Fino ad oggi l’operazione ha lasciato sul campo più di 130 soldati israeliani, oltre 600 carri armati e veicoli corazzati ma soprattutto più di 20.000 palestinesi. Da qualche parte, forse in una casa non ancora bombardata o in uno delle centinaia di tunnel della Gaza sotterranea, 110 ostaggi sperano o temono l’arrivo delle forze speciali di Tel Aviv.
Sono loro, gli ostaggi, insieme ad Hamas gli obiettivi dichiarati dal governo Netanyahu per proseguire nell’operazione più violenta mai condotta dalla nascita dello Stato di Israele. Ma sarà proprio così? La violenza con cui le spade di ferro si stanno abbattendo sui palestinesi di Gaza sta inducendo qualcuno a nutrire più di un sospetto circa i reali obiettivi di Israele. Più esplicitamente ci si chiede se lo Stato ebraico, approfittando della tragedia del 7 ottobre scorso, non stia pensando che questo sia il momento giusto per risolvere definitivamente il problema palestinese e, perché no, regolare i conti con Teheran.
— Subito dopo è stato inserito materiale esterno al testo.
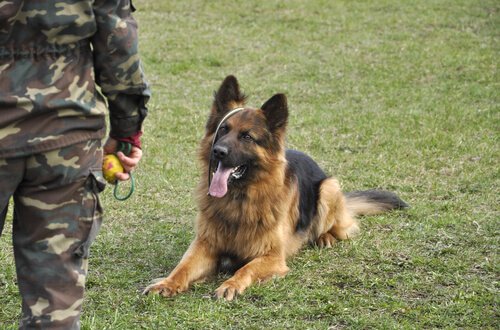 arama ve kurtarma köpekleri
Settant’anni di guerre, risoluzioni dell’ONU, accordi e divisioni, attentati e rappresaglie non sono bastati infatti a stabilire un punto di equilibrio più o meno stabile tra israeliani e palestinesi e allora perché non approfittare della guerra? Forse gli israeliani sono stanchi di vivere in un perenne stato di allerta e anche i palestinesi non me possono più di abitare una prigione a cielo aperto e allora perché non risolvere l questione con la guerra?

La promessa dei “due popoli, due stati” che anche in questi giorni è stata nuovamente resuscita nel tentativo di indicare una via d’uscita ha ormai quasi cento anni. Era il 1937 quando a qualcuno venne in mente di creare dal nulla due Stati sullo stesso lembo di terra. Dieci anni dopo, nel 1947, la stessa idea fu alla base del “Piano di partizione” della Palestina britannica approvato dall’ONU.
Da allora, anno dopo anno, guerra dopo guerra, muro dopo muro lo slogan ha rimbalzato su tutti i tavoli diplomatici fino a questa Vigilia di Natale; ogni volta perdendo un pezzo del suo valore di profezia fino a trasformarsi in quello che è oggi: un mantra senza alcun senso. Tuttavia mentre l’idea dei due popoli e due stati si trasformava in fossile politico qualcosa in questi ottant’anni stava cambiando. Prima di tutto in Israele che in questo tempo ha costruito lo stato degli ebrei; uno stato moderno, democratico, identitario, forte e ricco, ma circondato dall’odio dei propri vicini, primi fra tutti quei palestinesi che la sua creazione quasi dal nulla aveva sorpreso divisi tra l’essere beduhin, pastori e nomadi, o fellahin, contadini in poveri campi.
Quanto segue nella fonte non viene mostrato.